Este año me interesé por entender el negocio, no por subirme al palco, sino por conocer quién los instala, quién los vende y cómo funciona esta dinámica que, en la práctica, separa al pueblo del espectáculo y reserva las mejores vistas para los “riquitos”.
Los 54 palcos, divididos en seis zonas, son instalados por la Alcaldía de Cartagena con recursos públicos, es decir, con el dinero de los impuestos que paga el mismo pueblo. Luego, la Alcaldía le “vende sectores” a particulares o empresas para que los exploten comercialmente: los revenden, ofrecen licor, música y servicios, o simplemente los disfrutan.

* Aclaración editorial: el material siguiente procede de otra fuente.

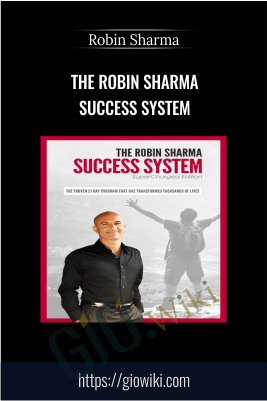 The Robin Sharma Success System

Pero lo que más sorprende son los precios. Según comentan, para 2025 han cuadruplicado su valor, llegando a costar hasta 400.000 pesos por persona por el simple derecho a ingresar. Los más “baratos” pueden estar en 250.000 pesos, catalogados como los palcos “perratas”.
Mientras los pudientes disfrutan del Bando desde arriba, sin que nadie los toque o moleste, gastan entre el 17% y el 28% de un salario mínimo en cuatro horas de fiesta. Abajo, pegado a las vallas metálicas, está la “perramenta”: el pueblo que se estruja buscando un buen puesto para ver a las reinas, las comparsas y las carrozas.
Y cuando termina el desfile, muchos de los que estuvieron entre la multitud quizá ya no tengan celular, cartera, dinero del transporte e incluso los zapatos, si eran de marca. Es la realidad de los eventos masivos en Cartagena: al final, “cada cual hablará de la fiesta según le haya ido en ella”.
Nos guste o no, los palcos en las Fiestas Novembrinas son una forma evidente de discriminación social. Dividen, separan y asignan privilegios dependiendo del estatus económico. Y lo más contradictorio: este modelo lo impulsa la misma Alcaldía, que permite y organiza la segmentación del espacio público con estructuras pagadas con dinero público.
Lo que debería ser un disfrute colectivo, igualitario y sin privilegios, termina convertido en un escenario estratificado, como en otras ciudades donde se ha replicado la misma lógica excluyente.
- Lo mismo ocurre en el Festival Náutico
Si quieres subirte al catamarán para ver a los artistas del Festival Náutico, debes pagar $700.000. Sí, hay una opción gratuita, pero es verlos a través de una pantalla gigante. Otra forma más de separar a quienes pueden pagar de quienes no.
Reflexión final | Si los palcos son financiados con los impuestos del pueblo, sus precios deberían ser, como mínimo, más accesibles para ese mismo pueblo. Las fiestas deberían unir, no dividir. Y mucho menos profundizar desigualdades con escenarios privilegiados construidos con recursos públicos.